What is expected: Word for word, write the lines below out again, with no pictures.

The data:

•••

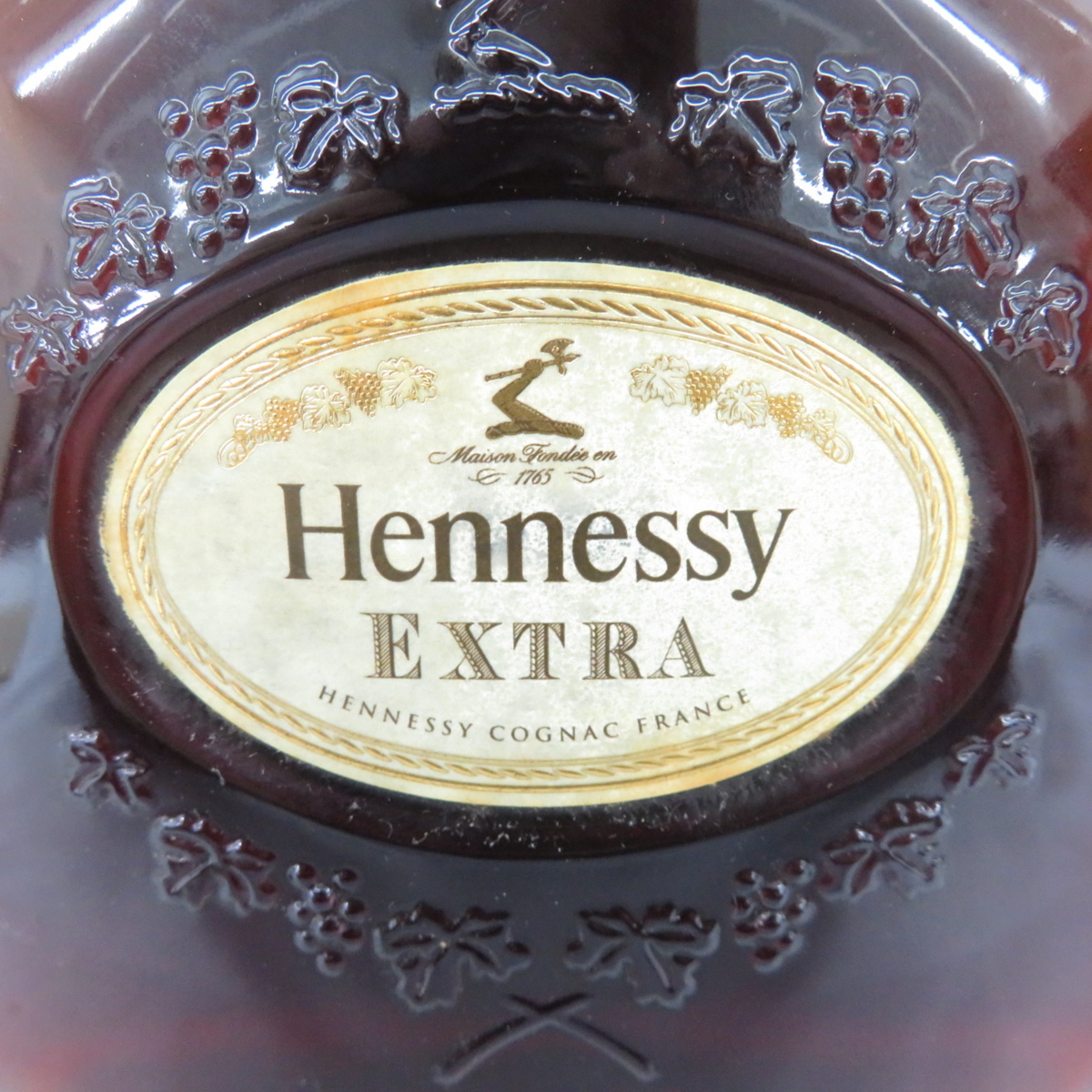 未開栓 ヘネシー HENNESSY エクストラ ノスタルジー ド バニョレ 700ml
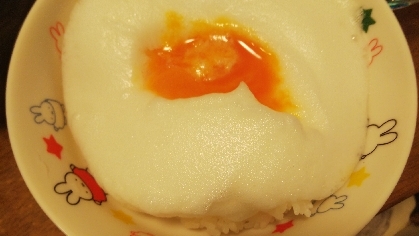 ふわふわメレンゲの卵かけご飯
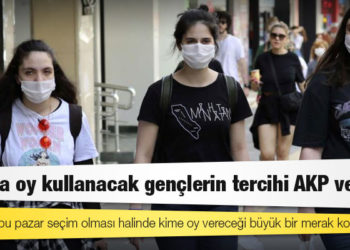 İlk defa oy kullanacak gençlerin tercihi AKP ve CHP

•••

Answer to the exercise:
 未開栓 ヘネシー HENNESSY エクストラ ノスタルジー ド バニョレ 700ml
 ふわふわメレンゲの卵かけご飯
 İlk defa oy kullanacak gençlerin tercihi AKP ve CHP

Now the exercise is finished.